EXERCISE:
For this exercise, copy exactly every line from the one holding "Burow, Olaf-Axel Positive" through the end of the data, both included. Omit pictures.

=== Begin Enclosure ===

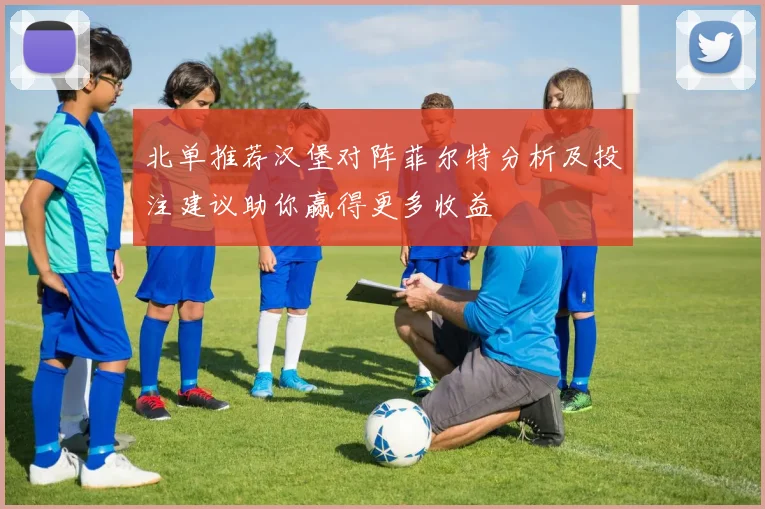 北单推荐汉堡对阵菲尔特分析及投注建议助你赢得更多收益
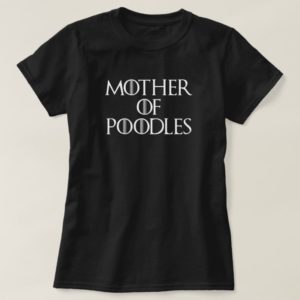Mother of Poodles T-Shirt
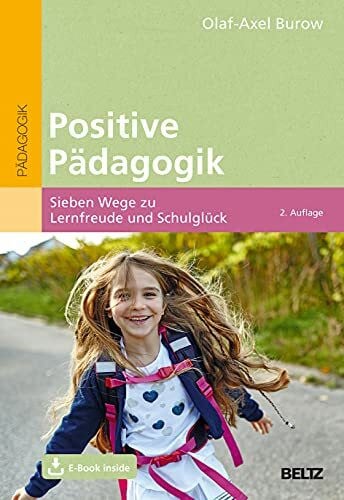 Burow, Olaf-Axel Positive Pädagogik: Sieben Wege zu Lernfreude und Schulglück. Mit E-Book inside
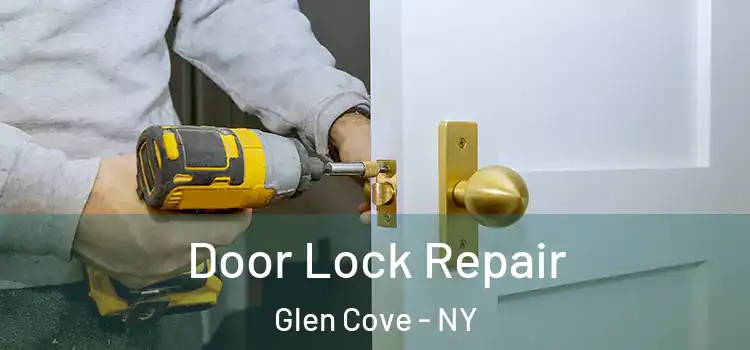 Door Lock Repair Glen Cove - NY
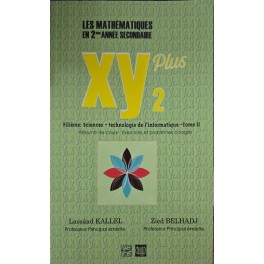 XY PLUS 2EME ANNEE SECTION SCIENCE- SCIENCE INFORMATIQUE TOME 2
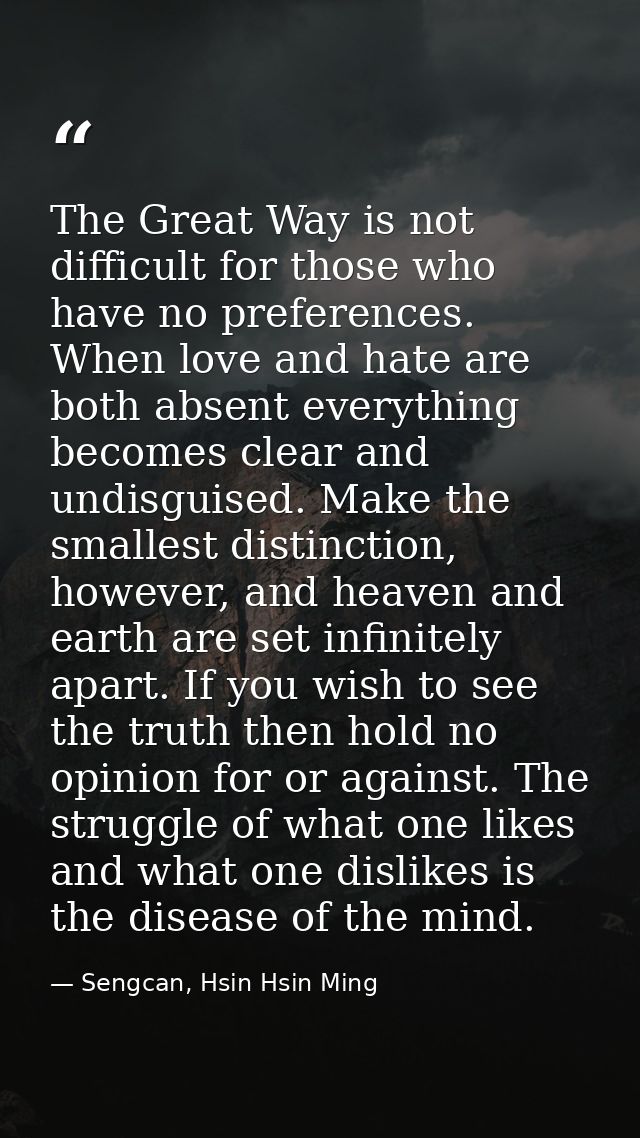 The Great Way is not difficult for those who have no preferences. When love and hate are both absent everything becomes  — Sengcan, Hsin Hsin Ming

=== End Enclosure ===

ANSWER SECTION:
 Burow, Olaf-Axel Positive Pädagogik: Sieben Wege zu Lernfreude und Schulglück. Mit E-Book inside
 Door Lock Repair Glen Cove - NY
 XY PLUS 2EME ANNEE SECTION SCIENCE- SCIENCE INFORMATIQUE TOME 2
 The Great Way is not difficult for those who have no preferences. When love and hate are both absent everything becomes  — Sengcan, Hsin Hsin Ming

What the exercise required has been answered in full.